Why Canterbury – Why Christchurch?
The first public railway to open in New Zealand was between Ferrymead and the newly settled town of Christchurch on the 1st of December 1863.
The area at Ferrymead that this railway occupied is now largely a Heritage Museum, with an operational railway, rebuilt on much of the old original track foundation. What better place to position a museum dedicated to the saving of railway history, and displaying it for all who wish to visit?
The Canterbury Railway Society has what is generally considered to be the finest collection of railway equipment, artifacts, and records in the country, and much of this may be transferred on permanent loan to the National Railway Museum. The Canterbury Railway Society will continue to operate the Ferrymead Railway as part of the Ferrymead Heritage Park.
The National Railway Museum concept is supported by the Federation of Rail Organisations of New Zealand, the N.Z. Railway & Locomotive Society, the Rail Heritage Trust of New Zealand, and numerous other local bodies, corporate organisations, and individuals.
The museum in itself will provide an important additional tourist attraction for Christchurch, and be a ‘mecca’ for rail enthusiasts from all parts of the world.

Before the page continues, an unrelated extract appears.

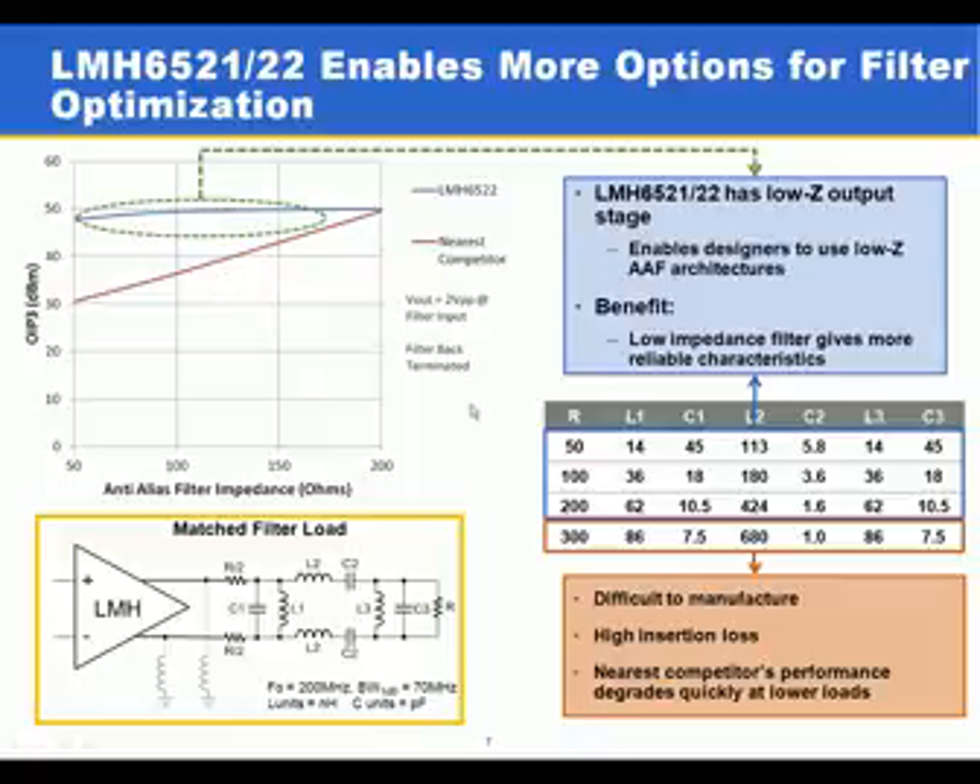Some of the benefits of lower impedance filters include better ADC performance. Because the ADC is sampling the voltage very fast, the lower impedance filters can settle the input transients quicker. Another benefit is that at higher impedances, the capacitors in the filter can become very small, making them susceptible to parasitic capacitance on the PCB board, which makes the filter hard to design and manufacture as PCB variations become a larger percentage of the lumped element values.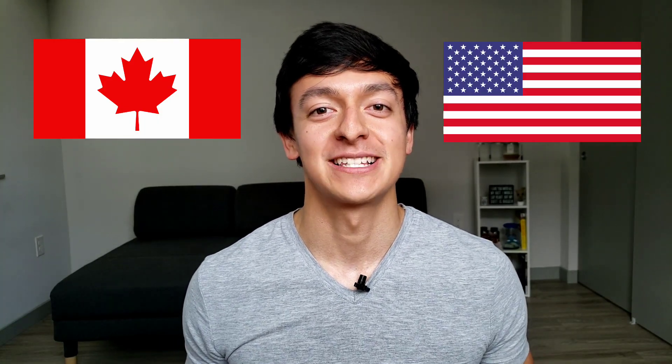What's up everybody, my name is Diego Guimei. I'm a civil engineer in training from Canada working in the US, and today I'm going to show you how to work in the US with a TN visa as a young engineer.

The original Ferrymead Railway opened in 1863, the Canterbury Railway Society started on the ‘new’ Ferrymead Railway in 1965, it is our ambition to open the National Railway Museum of New Zealand, in Christchurch by the end of 2021.
What can you expect to see in the Museum?
Railways are locomotives, wagons, & carriages, but they are also a lot of other things, like cranes, bridges, stations, signals, maintenance and lineside equipment. The museum will contain examples of steam, diesel, and electric locomotives from many eras.
Passenger carriages from the 1870’s to more recent times, together with two very special carriages, a Vice Regal carriage used for the visit of the Duke of Gloucester in 1934, and also for the later visit of Queen Elizabeth II and the Duke of Edinburgh in 1953-4, together with a second carriage built in 1927 for the visit of the Duke & Duchess of York in that year.
Freight carrying vehicles are many and varied, with special wagons for sheep, cattle, horses and bulk handling vehicles for logs, coal, and petroleum.
Not to be forgotten are the smaller day to day items like crockery, tickets and very distinctive railway uniforms. The list has no end.
Of use to historians will be the vast collection of blueprints, photographs, books & equipment, and operational files. These will be housed in a purpose built building that will have special humidity and temperature controls for the preservation of these very old documents.
A description of the Railway Museum
The Museum is being developed in stages, using where possible existing structures on the Ferrymead site and adding new buildings and infrastructure as the project progresses. Stages to establish the Museum are:
- Installation of a Turntable and connecting track, with tracks attached to facilitate the storage of locomotives and rolling stock. This stage is complete.
- Conversion of the existing Albert Hall building into a small Museum, which will include some rolling stock, the Library and displays of railway-related artefacts. This stage is in progress and we expect the building will be ready by the end of 2021, and displays to be built and installed through 2022. As part of this stage rolling stock items will be moved on site from the various locations where they are currently stored. It is intended that the existing Archives container will be moved from its current temporary location to the Albert Hall environs and used for storage and access to Archive documents etc.
- Population of the Turntable and ancillary tracks with displays focussed around various rolling stock items. This stage will include tidying and providing security for the site.
- Expansion of display areas that we can display more of our artefacts. Planning for how exactly we will do that is still to commence.